Problem statement »
Please repeat only the stretch of records running from the first line through the line that contains "Nike Nike Los".

Records shown »

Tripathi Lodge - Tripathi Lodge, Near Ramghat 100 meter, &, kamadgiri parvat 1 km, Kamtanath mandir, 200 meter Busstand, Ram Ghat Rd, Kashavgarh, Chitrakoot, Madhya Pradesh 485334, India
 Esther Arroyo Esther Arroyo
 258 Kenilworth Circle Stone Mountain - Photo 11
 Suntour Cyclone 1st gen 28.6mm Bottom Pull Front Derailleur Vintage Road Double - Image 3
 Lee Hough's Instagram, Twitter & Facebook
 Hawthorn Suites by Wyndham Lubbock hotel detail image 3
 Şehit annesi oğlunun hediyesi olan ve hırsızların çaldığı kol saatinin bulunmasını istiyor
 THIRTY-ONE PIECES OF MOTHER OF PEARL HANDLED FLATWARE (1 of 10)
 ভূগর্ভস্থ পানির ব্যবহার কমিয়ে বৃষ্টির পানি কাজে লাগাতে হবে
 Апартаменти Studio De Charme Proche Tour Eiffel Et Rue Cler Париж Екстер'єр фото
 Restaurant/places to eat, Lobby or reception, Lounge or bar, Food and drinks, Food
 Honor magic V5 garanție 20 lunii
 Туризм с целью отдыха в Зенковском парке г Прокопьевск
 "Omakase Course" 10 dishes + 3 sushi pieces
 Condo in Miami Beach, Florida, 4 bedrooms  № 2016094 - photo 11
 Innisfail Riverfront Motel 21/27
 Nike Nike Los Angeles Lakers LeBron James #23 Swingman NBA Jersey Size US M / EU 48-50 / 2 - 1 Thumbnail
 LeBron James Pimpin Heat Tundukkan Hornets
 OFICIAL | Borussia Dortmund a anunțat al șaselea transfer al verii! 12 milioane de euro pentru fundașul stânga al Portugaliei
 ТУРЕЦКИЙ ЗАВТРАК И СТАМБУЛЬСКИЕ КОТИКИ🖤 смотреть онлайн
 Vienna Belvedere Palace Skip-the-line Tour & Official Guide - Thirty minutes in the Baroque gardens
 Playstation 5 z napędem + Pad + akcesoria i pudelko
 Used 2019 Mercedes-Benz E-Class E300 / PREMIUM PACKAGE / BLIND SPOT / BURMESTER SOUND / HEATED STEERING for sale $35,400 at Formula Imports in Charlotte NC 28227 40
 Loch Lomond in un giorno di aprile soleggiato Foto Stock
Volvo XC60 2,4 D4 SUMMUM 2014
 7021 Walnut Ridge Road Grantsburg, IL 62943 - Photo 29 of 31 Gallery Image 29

Answer to this exercise »
Tripathi Lodge - Tripathi Lodge, Near Ramghat 100 meter, &, kamadgiri parvat 1 km, Kamtanath mandir, 200 meter Busstand, Ram Ghat Rd, Kashavgarh, Chitrakoot, Madhya Pradesh 485334, India
 Esther Arroyo Esther Arroyo
 258 Kenilworth Circle Stone Mountain - Photo 11
 Suntour Cyclone 1st gen 28.6mm Bottom Pull Front Derailleur Vintage Road Double - Image 3
 Lee Hough's Instagram, Twitter & Facebook
 Hawthorn Suites by Wyndham Lubbock hotel detail image 3
 Şehit annesi oğlunun hediyesi olan ve hırsızların çaldığı kol saatinin bulunmasını istiyor
 THIRTY-ONE PIECES OF MOTHER OF PEARL HANDLED FLATWARE (1 of 10)
 ভূগর্ভস্থ পানির ব্যবহার কমিয়ে বৃষ্টির পানি কাজে লাগাতে হবে
 Апартаменти Studio De Charme Proche Tour Eiffel Et Rue Cler Париж Екстер'єр фото
 Restaurant/places to eat, Lobby or reception, Lounge or bar, Food and drinks, Food
 Honor magic V5 garanție 20 lunii
 Туризм с целью отдыха в Зенковском парке г Прокопьевск
 "Omakase Course" 10 dishes + 3 sushi pieces
 Condo in Miami Beach, Florida, 4 bedrooms  № 2016094 - photo 11
 Innisfail Riverfront Motel 21/27
 Nike Nike Los Angeles Lakers LeBron James #23 Swingman NBA Jersey Size US M / EU 48-50 / 2 - 1 Thumbnail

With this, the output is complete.